Whether the rest of the girls understood what Cecilia had realized before or after her diary was stolen, the result was the same. Lux, presumably after making sure her other sisters were dead, tempted the boys with one last vision of an idealized future – something that, if the boys had ever been concerned with what the Lisbon girls wanted, they would have known could never have happened. They wanted Cecilia back. They wanted to save the Elms. Lux wanted Trip; but all Trip wanted was Peach Schnapps and the type of love you pay for by the hour.

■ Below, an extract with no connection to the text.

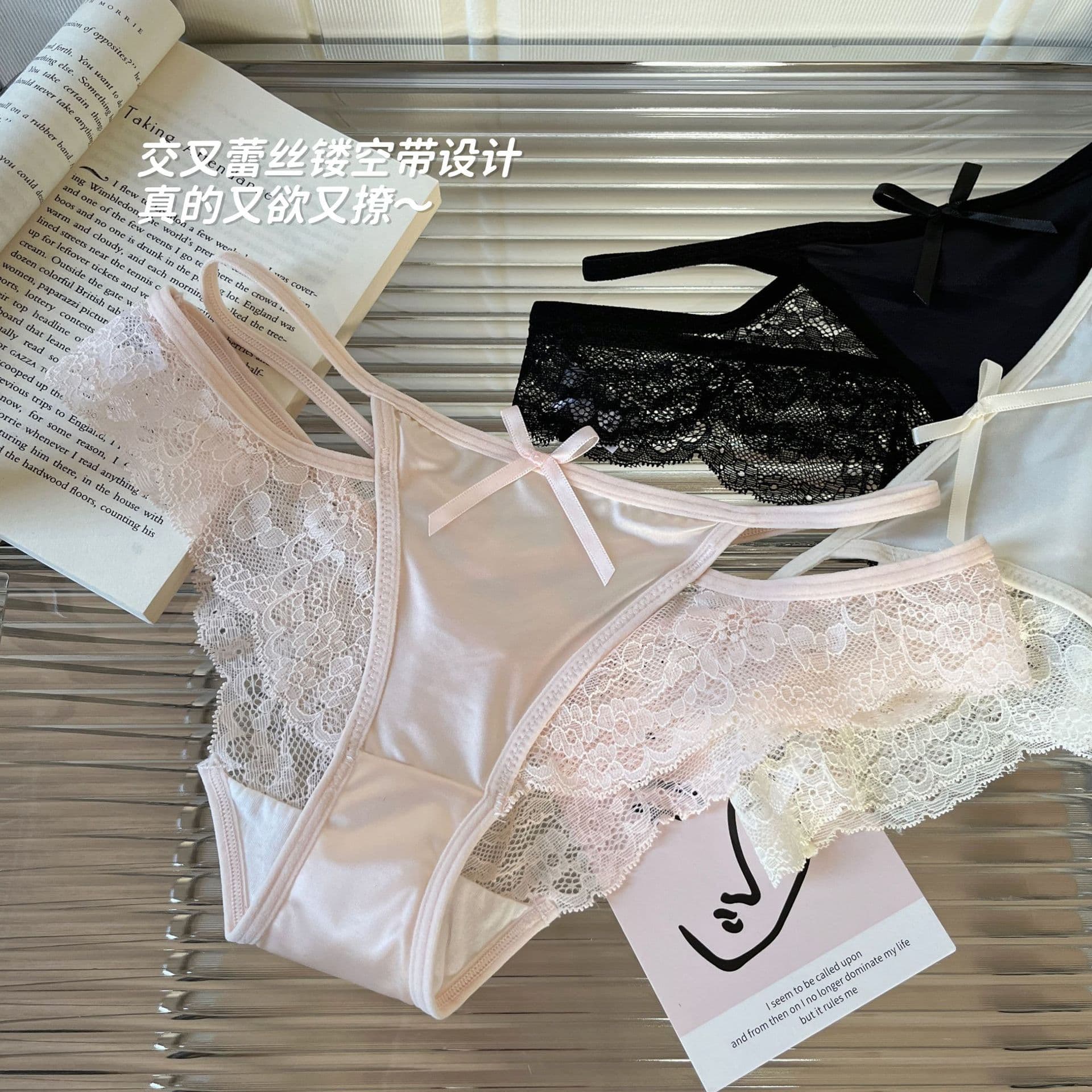 Charming Hollow Out * French Sexy Women Lace Panties Pure Cotton Crotch Girl Breathable Pure Desire Low Waist Triangle Briefs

The entire story of the Lisbon girls was never about the Lisbon girls until no one could have them anymore. Thus, the title.

Conclusion

So much happens in this film despite there not being that much going on. Every scene can be interpreted from three or four different angles, leading to an explosion of narrative possibilities. Interestingly enough, the David Lynch film Lost Highway deals with similar subject matter (“I like to remember things the way I like to remember them; not exactly how they happened”). Despite the setting and subtext being completely of a different genre, both movies broach the matter of what is shown to the audience contradicting the story as it happened from the Objective Camera’s point of view. As Lost Highway came out 2 years prior and there are quite a few “Lynchian” feeling moments in The Virgin Suicides, I caught myself wondering if Sophia Coppola drew influence from that movie. Either way, The Virgin Suicides stands independently and artistically unique. Despite its Lynchian feel, I’ve never seen anything else quite like its use of warped perspective.

And, from my perspective, that alone makes it worth the run time.